Tanya Berger-Wolf, David Carlyn, Harry Chao, Arpita Chowdhury, Mohannad Elhamod, Anuj Karpatne, Maksim Kholiavchenko, Mridul Khurana, Jihyung Kil, Krzysztof Kozak,Christopher Lawrence, Harish Babu Manogran, Kaiya Provost, Dan Rubenstein, Chuck Stewart, Yu Su

Project Goals

To use machine learning techniques coupled with biological information to extract traits from images of butterflies, incorporate structured and phylogenetic information similar to BGNN, and train an algorithm to reproduce expert-generated classifications. 

Project Overview

We aim to use Heliconius butterflies as they are well known for their Mullerian mimicry. Mimicry as well as the wealth of taxonomic, geographical, and genomic data that come along with Heliconius will allow us to ask complex biological questions and ultimately add to the current genetic underpinnings of Mullerian mimicry.

Readily available datasets will be used to create phylogeny and trait guided algorithms.  These data will be used to further test our algorithms, and identify which parts of the phenotype break down when subspecies hybridize. In this way we hope to identify parts of the phenotype (traits) observable by selection. These traits will then be altered to produce phenotypes that we will then take to the field to measure attack rate by predators. We hope to refine additional datasets that have low pass genomic data to go along with the image to perform genotype-phenotype analysis using machine learning.

Related Publications

Reshma R Babu, Yael Stochel, Christopher Lawrence, Daniel Rubenstein, Chuck Stewart, Wei-Lun Chao, David Carlyn, Jihyung Kil, Yu Su, Luke Song, Anuj Karpatne, Mohannad Elhamod, Krzysztof Kozak, Owen McMillan, Tanya Berger-Wolf (June 20, 2022).
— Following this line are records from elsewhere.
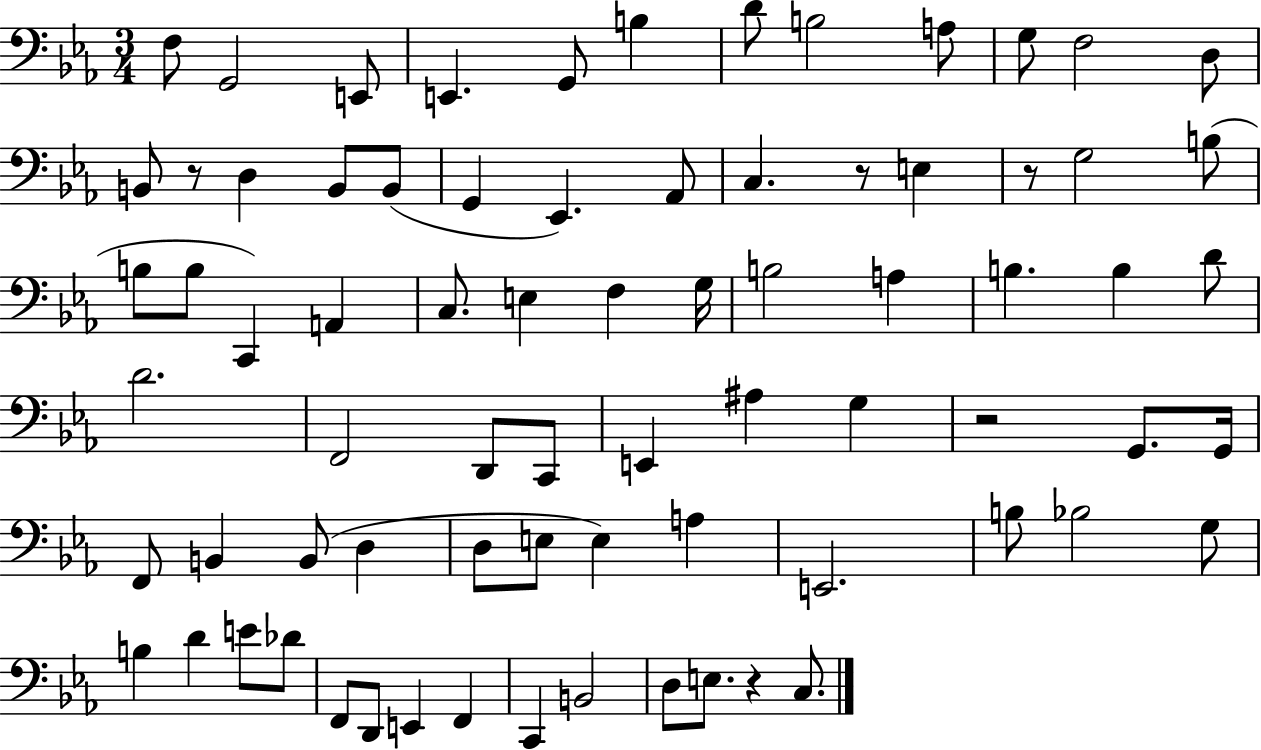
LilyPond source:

{
  \clef bass
  \numericTimeSignature
  \time 3/4
  \key ees \major
  f8 g,2 e,8 | e,4. g,8 b4 | d'8 b2 a8 | g8 f2 d8 | \break b,8 r8 d4 b,8 b,8( | g,4 ees,4.) aes,8 | c4. r8 e4 | r8 g2 b8( | \break b8 b8 c,4) a,4 | c8. e4 f4 g16 | b2 a4 | b4. b4 d'8 | \break d'2. | f,2 d,8 c,8 | e,4 ais4 g4 | r2 g,8. g,16 | \break f,8 b,4 b,8( d4 | d8 e8 e4) a4 | e,2. | b8 bes2 g8 | \break b4 d'4 e'8 des'8 | f,8 d,8 e,4 f,4 | c,4 b,2 | d8 e8. r4 c8. | \break \bar "|."
} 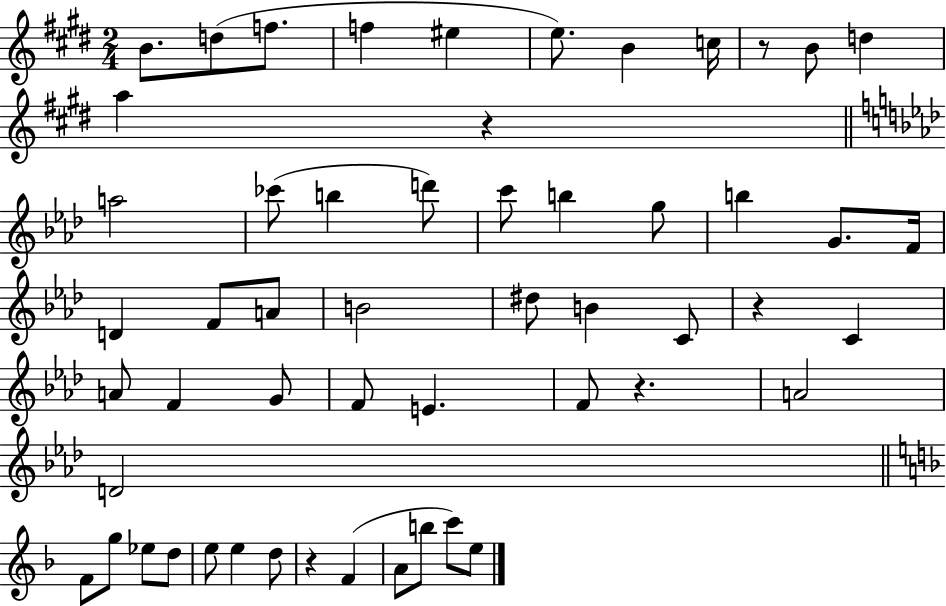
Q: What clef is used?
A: treble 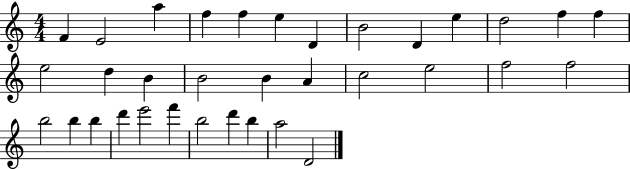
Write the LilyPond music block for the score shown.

{
  \clef treble
  \numericTimeSignature
  \time 4/4
  \key c \major
  f'4 e'2 a''4 | f''4 f''4 e''4 d'4 | b'2 d'4 e''4 | d''2 f''4 f''4 | \break e''2 d''4 b'4 | b'2 b'4 a'4 | c''2 e''2 | f''2 f''2 | \break b''2 b''4 b''4 | d'''4 e'''2 f'''4 | b''2 d'''4 b''4 | a''2 d'2 | \break \bar "|."
} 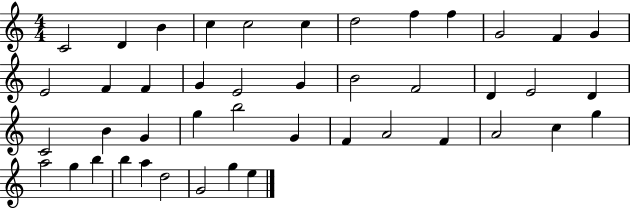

Understanding Mimicry in Butterflies from Images using Machine Learning. 2nd CV4Animals: Computer Vision for Animal Behavior Tracking and Modeling Workshop, in conjunction with the IEEE / CVF Computer Vision and Pattern Recognition Conference 2022

Reshma R Babu; Christopher Lawrence; Daniel Rubenstein; Chuck Stewart; Wei-Lun Chao; David Carlyn; Yu Su; Anuj Karpatne; Mohannad Elhamod; Yael Stochel; Krzysztof Kozak; Owen McMillan; Tanya Berger-Wolf; Michelle Ramirez. (2023). Imageomics Approach to Understanding Mimicry in Butterflies from Images using Machine Learning. Midwest Machine Learning Symposium. Chicago, IL.

Reshma Ramesh Babu (2023). Imageomics Approach to Understanding Visual Biological Trait Similarities using Butterfly Mimicry as a Model System.